## Your task
Set down the data below word for word, and leave the images aside.

## Source data

....................

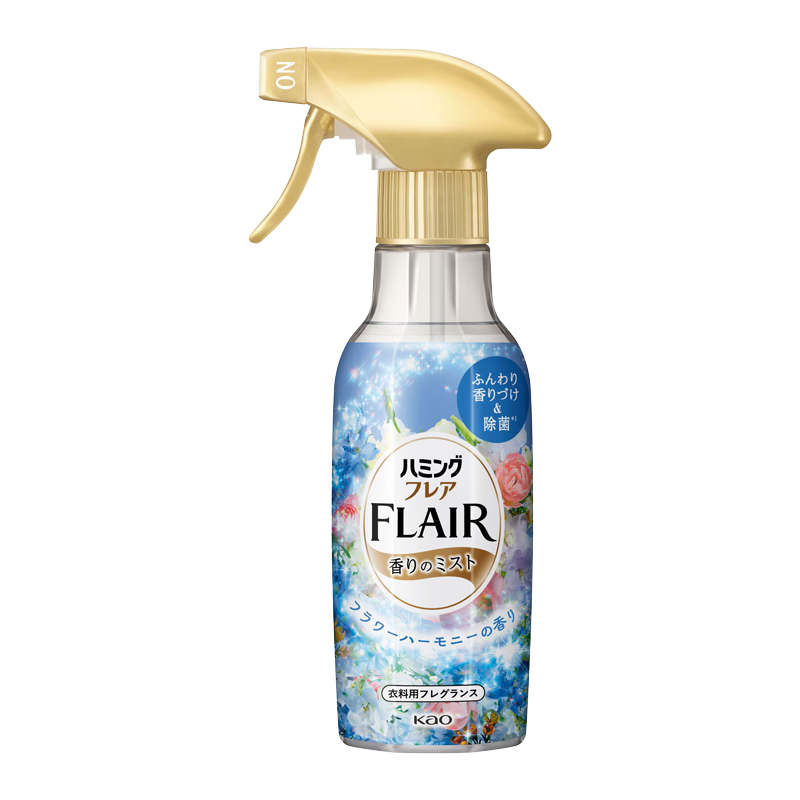 花王(KAO) flair衣物柔顺剂 衣物除异味喷雾防皱柔顺火锅去味清新喷雾空气防静电喷雾清新剂 日本进口270ml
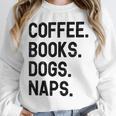 Vintage Coffee Books Dogs Naps Retro Unisex Sweatshirt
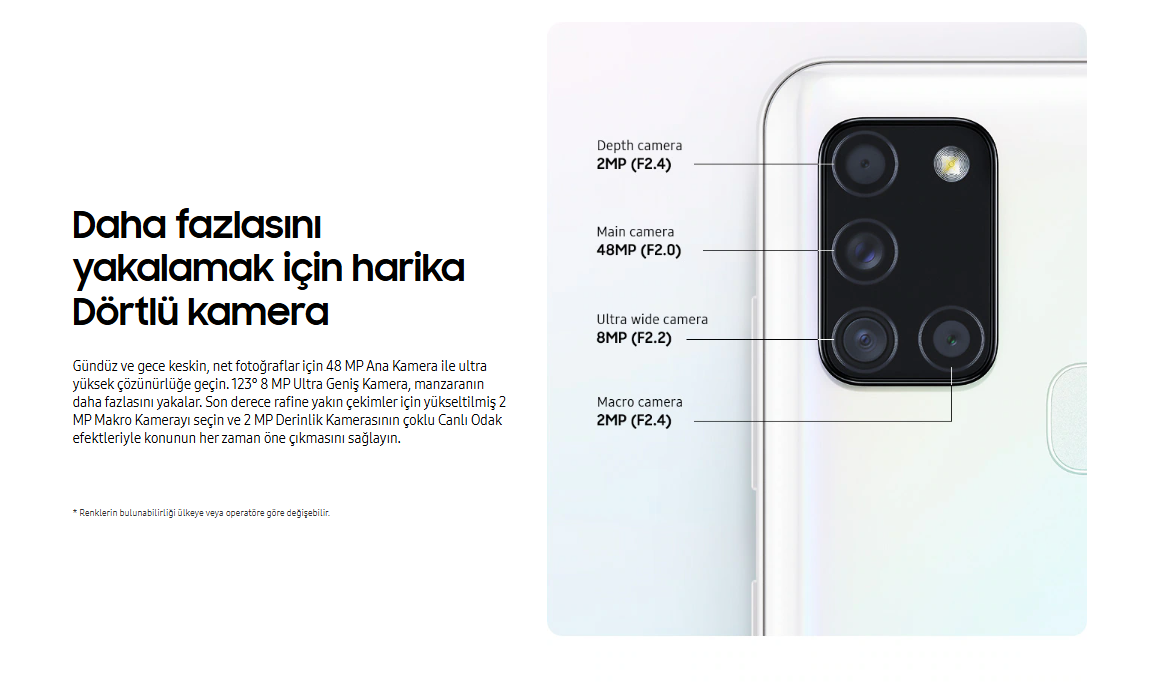 Yenilenmiş Samsung Galaxy A21s Kamera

....................

## Output below
 花王(KAO) flair衣物柔顺剂 衣物除异味喷雾防皱柔顺火锅去味清新喷雾空气防静电喷雾清新剂 日本进口270ml
 Vintage Coffee Books Dogs Naps Retro Unisex Sweatshirt
 Yenilenmiş Samsung Galaxy A21s Kamera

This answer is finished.